Wheeler-Weaver was also convicted of kidnapping and aggravated sexual assault, desecration of human remains, aggravated arson and the attempted murder of a 34-year-old woman, Tiffany Taylor, who survived his attack.
Under the No Early Release Act, Wheeler-Weaver must serve 145 years of his 160-year sentence before he is eligible for parole.
Butler, a Montclair resident who was attending Jersey City University, was murdered on Nov. 22, 2016, the day before Thanksgiving, authorities have said. Her body was found in Eagle Rock Reservation in West Orange on Dec. 1, 2016.
Brown, of Newark, was murdered on Oct. 22, 2016. Her body was found in a vacant home in Orange on Dec. 5, 2016. West, a native of Philadelphia who was living in Union Township, was murdered on Sept. 1, 2016 in Orange. Wheeler-Weaver set fire to her body and then torched the vacant home, prosecutors say.
Just days before Butler’s death, Wheeler-Weaver had used his phone to search for information on date-rape drugs, NorthJersey.com reported in 2019, citing testimony and evidence presented in his trial. He then sent a text message to Butler, offering her $500 for sex, the report says.
She replied, according to the report: “Wow. You’re not a serial killer, right?”
At the trial, prosecutors described how Wheeler-Weaver sought out information on creating drugs to knock people unconscious, using household cleaners to make poisons, and deleting evidence of his online searches, according to multiple reports.
A GoFundMe campaign formed in December 2016 to support Butler’s family recounts how for two weeks, friends, family and community members searched in and around Montclair for Butler.
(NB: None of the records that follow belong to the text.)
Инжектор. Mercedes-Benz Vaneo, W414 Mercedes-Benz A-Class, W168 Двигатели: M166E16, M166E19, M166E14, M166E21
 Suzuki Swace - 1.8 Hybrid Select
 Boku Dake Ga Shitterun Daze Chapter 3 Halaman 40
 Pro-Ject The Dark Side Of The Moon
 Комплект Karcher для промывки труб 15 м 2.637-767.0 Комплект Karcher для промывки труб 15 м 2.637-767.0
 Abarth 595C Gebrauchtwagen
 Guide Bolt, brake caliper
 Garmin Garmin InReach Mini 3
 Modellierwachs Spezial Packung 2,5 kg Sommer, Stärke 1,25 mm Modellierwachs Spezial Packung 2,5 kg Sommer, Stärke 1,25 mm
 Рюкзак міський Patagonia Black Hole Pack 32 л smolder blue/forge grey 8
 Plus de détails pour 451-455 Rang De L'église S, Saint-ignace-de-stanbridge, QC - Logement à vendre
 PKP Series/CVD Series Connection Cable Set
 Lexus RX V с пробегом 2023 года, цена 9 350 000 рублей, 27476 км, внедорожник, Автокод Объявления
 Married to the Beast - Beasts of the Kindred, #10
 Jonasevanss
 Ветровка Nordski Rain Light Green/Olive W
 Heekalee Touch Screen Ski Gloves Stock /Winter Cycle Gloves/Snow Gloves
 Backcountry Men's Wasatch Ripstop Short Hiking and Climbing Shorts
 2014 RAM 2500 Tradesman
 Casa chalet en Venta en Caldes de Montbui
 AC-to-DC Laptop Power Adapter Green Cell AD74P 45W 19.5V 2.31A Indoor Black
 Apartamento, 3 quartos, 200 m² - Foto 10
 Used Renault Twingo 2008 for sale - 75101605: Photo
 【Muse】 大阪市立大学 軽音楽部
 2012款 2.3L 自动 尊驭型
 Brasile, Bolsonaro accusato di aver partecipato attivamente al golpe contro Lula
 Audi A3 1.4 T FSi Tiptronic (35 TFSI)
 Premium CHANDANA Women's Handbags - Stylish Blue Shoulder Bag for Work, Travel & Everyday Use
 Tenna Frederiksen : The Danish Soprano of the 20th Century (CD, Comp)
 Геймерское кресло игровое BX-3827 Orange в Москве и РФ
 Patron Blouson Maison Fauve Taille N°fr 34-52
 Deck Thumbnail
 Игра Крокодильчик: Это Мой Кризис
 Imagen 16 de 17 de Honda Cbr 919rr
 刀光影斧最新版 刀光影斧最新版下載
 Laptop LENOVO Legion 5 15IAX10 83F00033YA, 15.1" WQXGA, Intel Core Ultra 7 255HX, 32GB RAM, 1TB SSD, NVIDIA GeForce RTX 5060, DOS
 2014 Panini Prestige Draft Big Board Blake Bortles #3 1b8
“We have lost a beloved member of our family and there are no words for the pain and sorrow that we feel,” organizer Elaine Wynn wrote. “Sarah was a happy, caring and kind young lady who was adored by her family and friends. A freshman in college, Sarah loved to dance and was a lifeguard for the YMCA. Sarah shined a light on this world that we will never be able to replicate or replace.”
The prosecutor’s office had credited friends of Butler for helping catch Wheeler-Weaver, the Associated Press reports. The friends set up a fake social media account, lured Wheeler-Weaver to a meeting in Montclair and notified law enforcement, it says.